The considerable majority of tumors showing LOH at these two regions reside in S5. S5 tumors did not cluster according to 1p and 16q LOH status.

Validation of Subsets in an Independent Tumor Set

Gene expression and 11p15 methylation analysis were performed on an independent set of 100 tumors from the second group of 300 samples. Hierarchical analysis using the top genes provided in Table W1 demonstrates three subsets of tumors, classified as SA, SB, and SC (Figure 3B). The clinical, pathologic, and 11p15 methylation features of these three subsets, and of the remaining 80 tumors (classified as SD), are provided in Table 2. Subsets A, B, C, and D show the same gene expression and 11p15 methylation patterns, and the same clinicopathologic features as S1, S2, S3, and S5, respectively. An exception is the difference in median age noted between S2 and S3, which was not observed in SB and SC. This is likely a reflection of the broad age ranges seen in S2 and S3 combined with the smaller number of tumors in the validation set (Table 1). Because the top gene lists for S2 and S4 in Table W1 are very similar, it is possible that the above analysis using these lists would not adequately differentiated S2 and S4. To better evaluate for the presence of S4-like tumors within the validation set, we clustered the initial 224 samples combined with the 100 validation samples using the 54 genes associated with WT1 expression (the analysis that detected S4 tumors originally). This resulted in clustering of all SA, SB, and SC tumors with S1, S2, and S3 tumors, respectively (data not shown). None of the validation tumors clustered with S4.

Discussion

Wilms tumors (WT), like most pediatric embryonal neoplasms, have been postulated to arise from cells undergoing differentiation during organogenesis. WT commonly display a triphasic histology remarkably similar to cells at different stages of differentiation of the normal MM: blastemal cells similar to early-stage MM, stromal cells, and epithelialized cells arranged in duct-like structures. This histology and the known clonality of these tumors imply that a cell from which a tumor arises is not only very plastic in its differentiation capacity but that progeny cells can exhibit very different cell fates. The current study has been able to delineate, based on gene expression analysis, distinct subsets of tumors with different molecular, clinical, and pathologic features. These subsets exhibit different mutation patterns as well as different gene expression profiles characteristic of different stages of differentiation. This suggests that tumor subset identity is a result of the interplay of the type of initiating event, the stage of differentiation of the tumor cell of origin, and also its cellular context.

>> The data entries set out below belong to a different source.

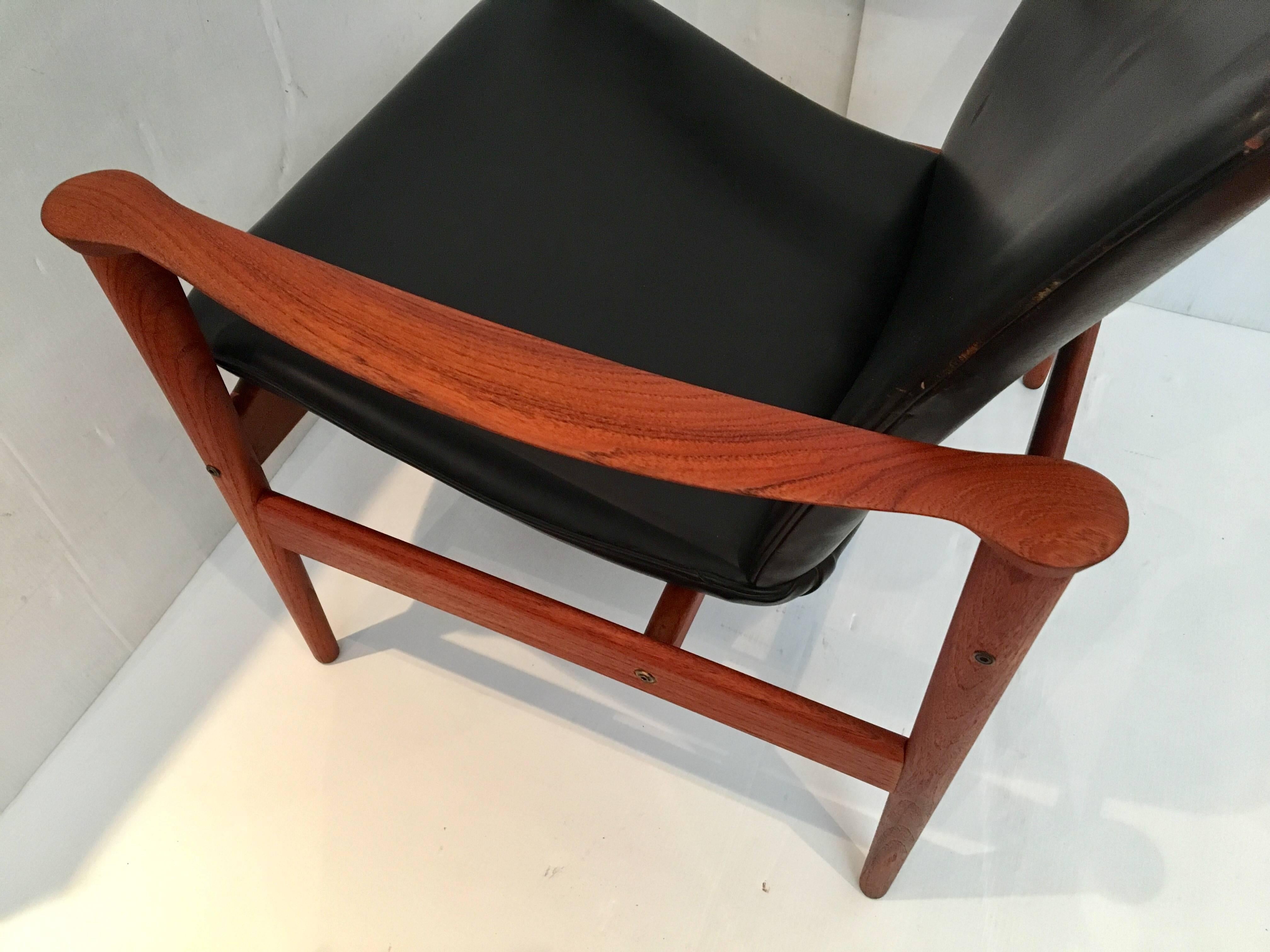 Lounge Club Chair by Fredrik Kayser in Teak and Leather Model 711 In Excellent Condition In San Diego, CA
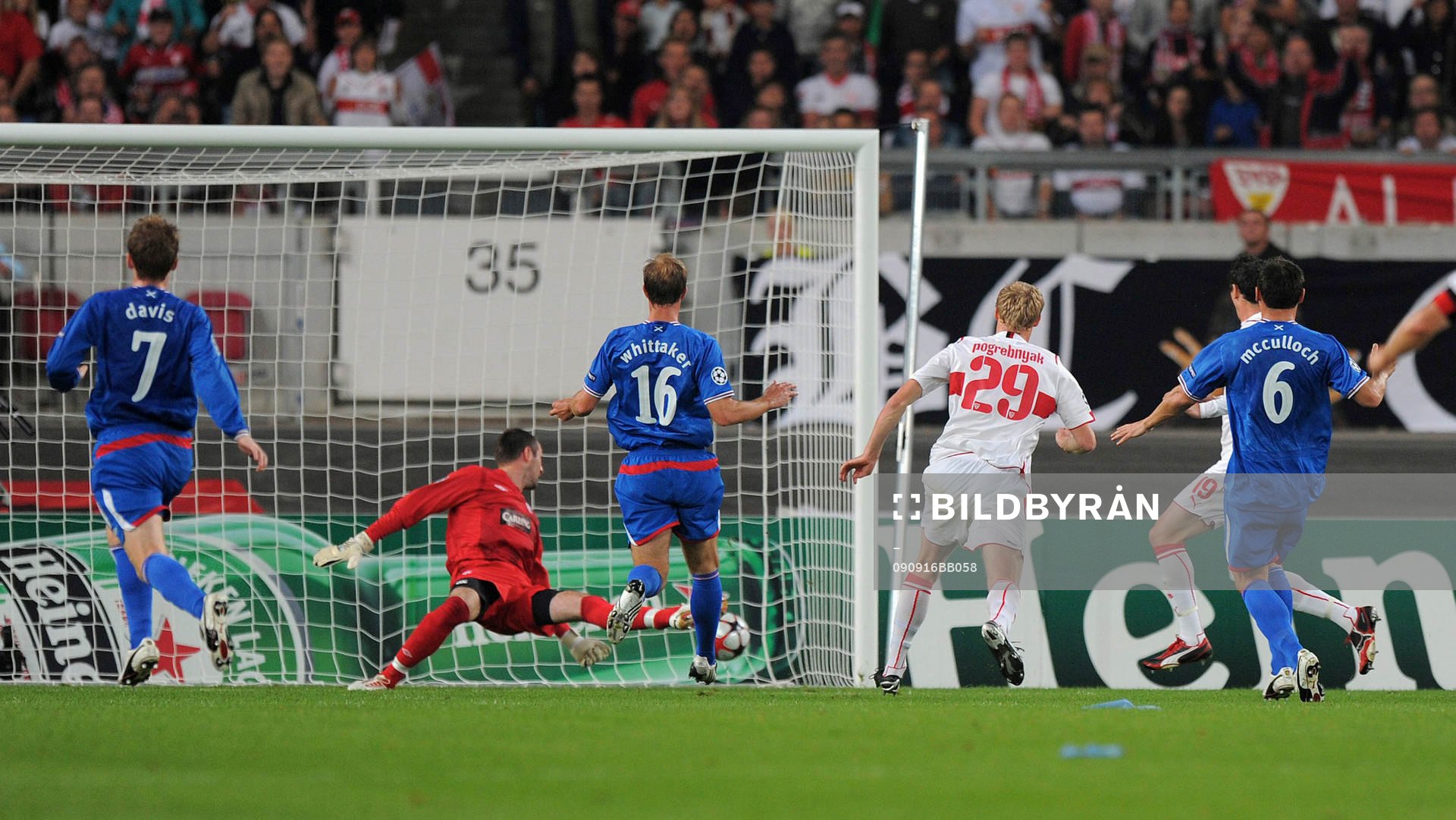 Pavel Pogrebnyak sätter 1-0 till Stuttgart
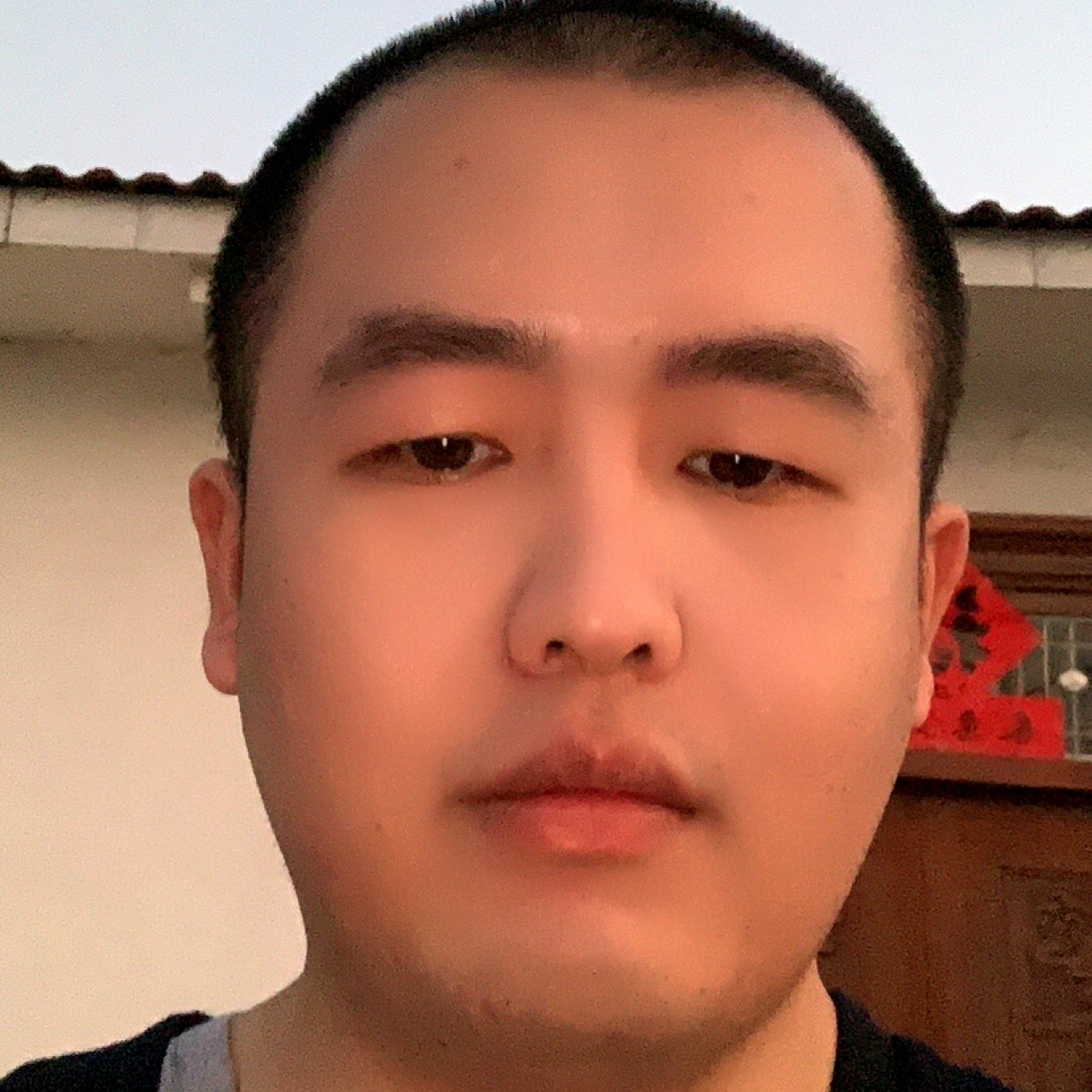 深情回首钢笔的照片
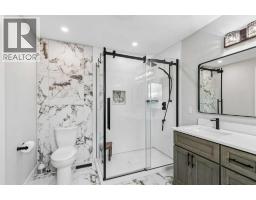 278 Douglasdale Point Se, Calgary, AB T2Z3A2 Photo 18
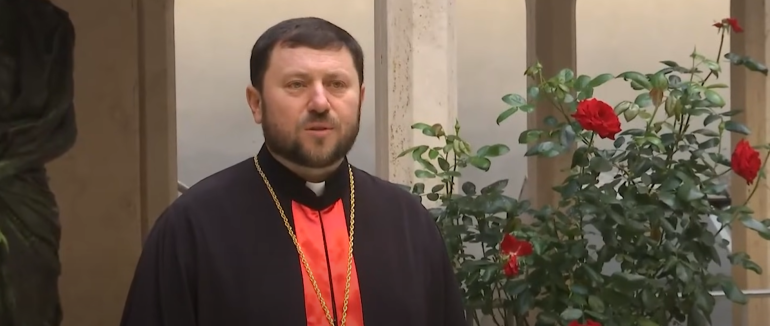 Наймолодший кардиналом: українець на конклаві! Відео з Ватикану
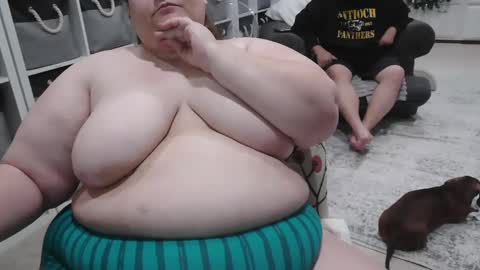 Snapshot of pugglelover chatting on January 2025 11:59:01 AM Puggie - online show from January 2025 11:59:01 AM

The genitourinary system develops from the intermediate mesoderm, from which the gonads, the mesonephros, and the metanephros (including both the ureteric bud and the primitive MM) develop. Reciprocal interactions between the ureteric bud and the MM are responsible for induction within the MM, which occurs through canonical Wnt signaling. After initiation of induction, mesenchymal-to-epithelial transition begins, enabling the formation of the nephron [44]. Epithelial segmentation, mediated largely by Notch signaling, leads to the development of the glomerular pole proximally and the tubular pole distally. As has been reported previously for WT, most WTs in our study (those of S5) express genes that characterize the MM [32,36,37]. Because the current study analyzes a very large panel of relapse enriched but otherwise unselected WTs for which substantial clinical and molecular information is available, we were able to identify additional subsets of WT with different clinical and pathologic features that show evidence of disruption at different times during normal development. S1 tumors show gene expression patterns similar to the late postinduction epithelial phase of renal development. The gene expression patterns of S2 and S4 show similarities to the intermediate mesoderm or very early MM. S3 and S5, while displaying unique gene expression patterns, do share a profile similar to the MM. To arrive at the ontogeny of WT, these developmental profiles need to be analyzed in conjunction with the genetic events known to be pathogenetically important in WT.

WT1 in Renal Development and in WT

As demonstrated by the Wt1^-/- mouse, WT1 expression is low but essential for cell survival within the intermediate mesoderm [2,45]. This is followed by increased WT1 expression in the MM. Somatic ablation of Wt1 in mice soon after nephrogenesis commences results in a block in the formation of epithelial structures [25], consistent with its critical role in the mesenchymal-to-epithelial transition [46]. The expression of WT1 within the different tumor subsets reflects the changing role of WT1 during development as well as the phenotypic effects after its loss, often through mutation. WT1 is highly expressed in S5, in keeping with its expression within the MM, where WT1 is normally highly expressed. WT1 is also highly expressed in S1, in keeping with high WT1 expression normally seen within early epithelial elements. S2 to S4 tumors show low WT1 expression (often because of mutation), which is frequently associated with stromal elements. This is consistent with experimental data demonstrating that loss of WT1 disrupts the normal differentiation of epithelial nephronic elements but has no salient effect on stromal development [25].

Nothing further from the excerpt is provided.